Unlocking the Mary Hamilton Papers

Hannah Barker (Professor of British History, The University of Manchester), David Denison (Professor Emeritus of English Linguistics, The University of Manchester), Nuria Yáñez-Bouza (University of Manchester), Sophie Coulombeau (University of York), Tino Oudesluijs, Cassandra Ulph, Christine Wallis (Research Associates, The University of Manchester)

Miss Mary Hamilton
Miss Mary Hamilton

This ambitious three-year project, funded by the Arts and Humanities Research Council, exploits an almost untouched archive to answer important questions about reading, letter-writing and everyday language in Georgian England and the contribution made by social networks to these significant cultural practices.

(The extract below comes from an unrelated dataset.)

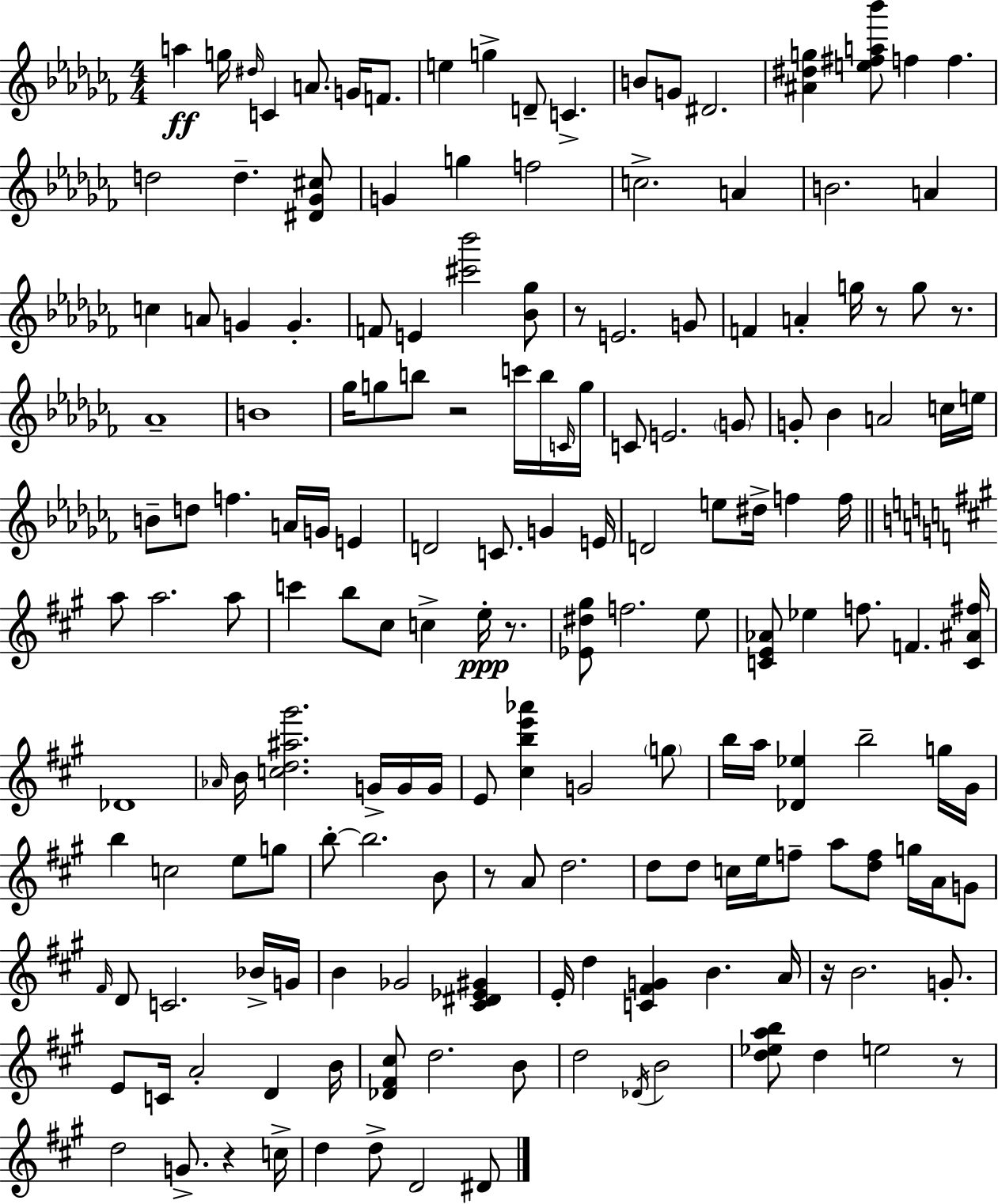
A5/q G5/s D#5/s C4/q A4/e. G4/s F4/e. E5/q G5/q D4/e C4/q. B4/e G4/e D#4/h. [A#4,D#5,G5]/q [E5,F#5,A5,Bb6]/e F5/q F5/q. D5/h D5/q. [D#4,Gb4,C#5]/e G4/q G5/q F5/h C5/h. A4/q B4/h. A4/q C5/q A4/e G4/q G4/q. F4/e E4/q [C#6,Bb6]/h [Bb4,Gb5]/e R/e E4/h. G4/e F4/q A4/q G5/s R/e G5/e R/e. Ab4/w B4/w Gb5/s G5/e B5/e R/h C6/s B5/s C4/s G5/s C4/e E4/h. G4/e G4/e Bb4/q A4/h C5/s E5/s B4/e D5/e F5/q. A4/s G4/s E4/q D4/h C4/e. G4/q E4/s D4/h E5/e D#5/s F5/q F5/s A5/e A5/h. A5/e C6/q B5/e C#5/e C5/q E5/s R/e. [Eb4,D#5,G#5]/e F5/h. E5/e [C4,E4,Ab4]/e Eb5/q F5/e. F4/q. [C4,A#4,F#5]/s Db4/w Ab4/s B4/s [C5,D5,A#5,G#6]/h. G4/s G4/s G4/s E4/e [C#5,B5,E6,Ab6]/q G4/h G5/e B5/s A5/s [Db4,Eb5]/q B5/h G5/s G#4/s B5/q C5/h E5/e G5/e B5/e B5/h. B4/e R/e A4/e D5/h. D5/e D5/e C5/s E5/s F5/e A5/e [D5,F5]/e G5/s A4/s G4/e F#4/s D4/e C4/h. Bb4/s G4/s B4/q Gb4/h [C#4,D#4,Eb4,G#4]/q E4/s D5/q [C4,F#4,G4]/q B4/q. A4/s R/s B4/h. G4/e. E4/e C4/s A4/h D4/q B4/s [Db4,F#4,C#5]/e D5/h. B4/e D5/h Db4/s B4/h [D5,Eb5,A5,B5]/e D5/q E5/h R/e D5/h G4/e. R/q C5/s D5/q D5/e D4/h D#4/e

A multidisciplinary team from the fields of linguistic, historical and literary studies will address questions and combine approaches that contribute to current academic debates across a broad range of research areas in innovative ways. It will shed new light on the culture of English society in this period and will help to launch an exciting new genre of Hamilton studies by exploring a remarkable, but relatively unknown archive, presently scattered over eleven libraries in Britain and the USA.

The project will explore four related research questions on reading, letter-writing, language practices and the role of social networks in Georgian England, and reunite the Mary Hamilton papers in a complete, Open-Access scholarly edition. As the project develops, it will also reconstruct and analyse Hamilton’s social networks. The project builds on the earlier work of the Image-To-Text Project, which began the important work of transliterating the Mary Hamilton Papers held in the John Rylands Library.